▶ WHAT THE EXERCISE ASKS
Set down nothing but the lines from the one containing "artist painting a" to the final line of the material, exactly as written, and drop the pictures.

▶ INFORMATION SUPPLIED
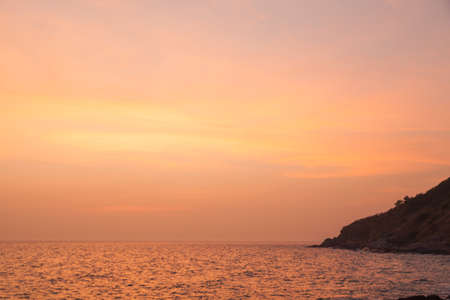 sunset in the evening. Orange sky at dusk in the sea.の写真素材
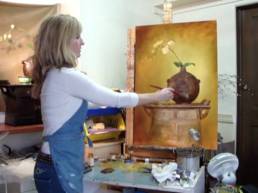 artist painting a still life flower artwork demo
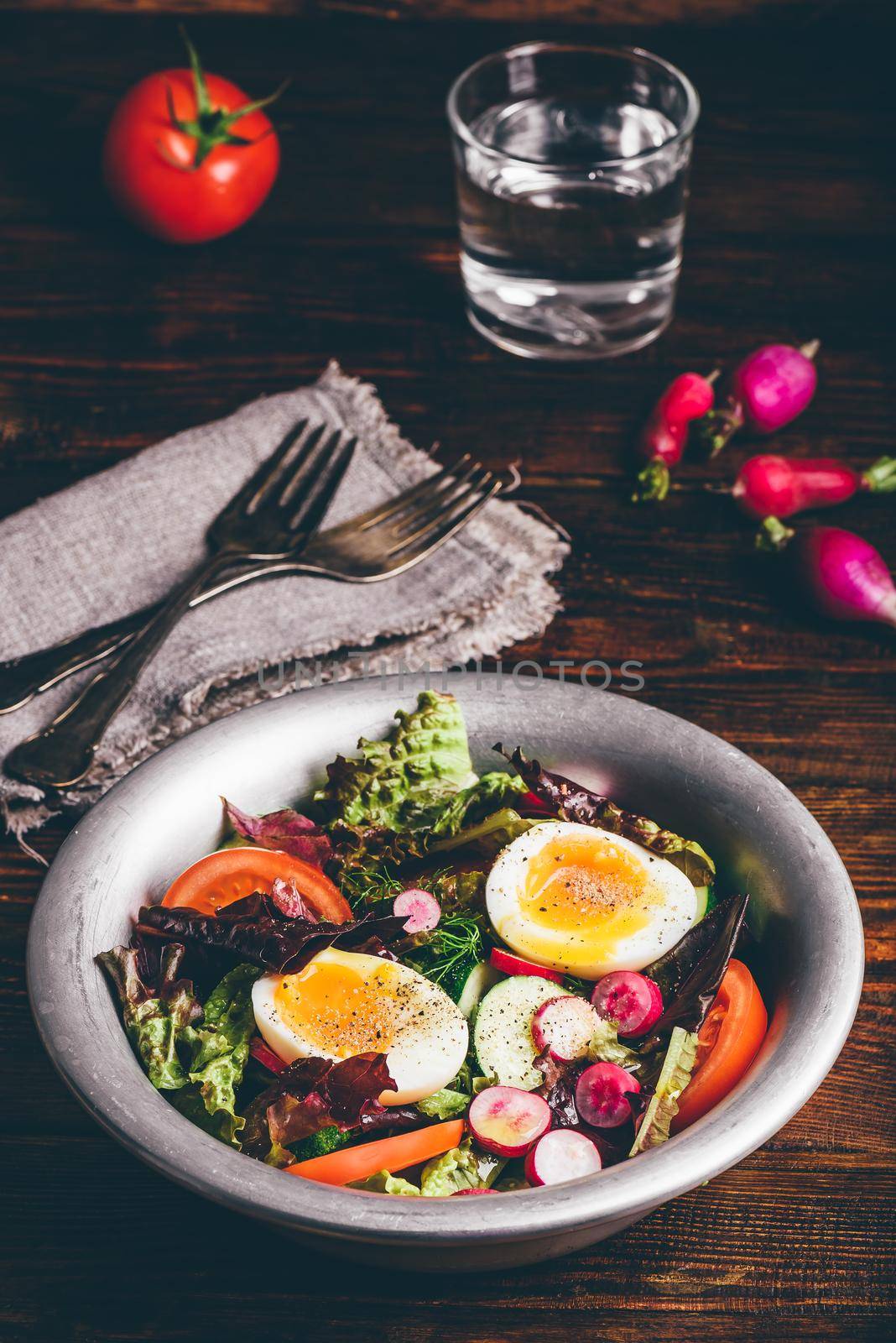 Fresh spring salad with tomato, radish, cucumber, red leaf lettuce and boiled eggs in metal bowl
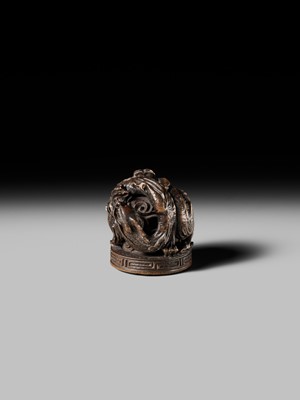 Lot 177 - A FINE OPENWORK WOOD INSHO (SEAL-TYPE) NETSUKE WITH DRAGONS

▶ EXERCISE RESULT
 artist painting a still life flower artwork demo
 Fresh spring salad with tomato, radish, cucumber, red leaf lettuce and boiled eggs in metal bowl
 Lot 177 - A FINE OPENWORK WOOD INSHO (SEAL-TYPE) NETSUKE WITH DRAGONS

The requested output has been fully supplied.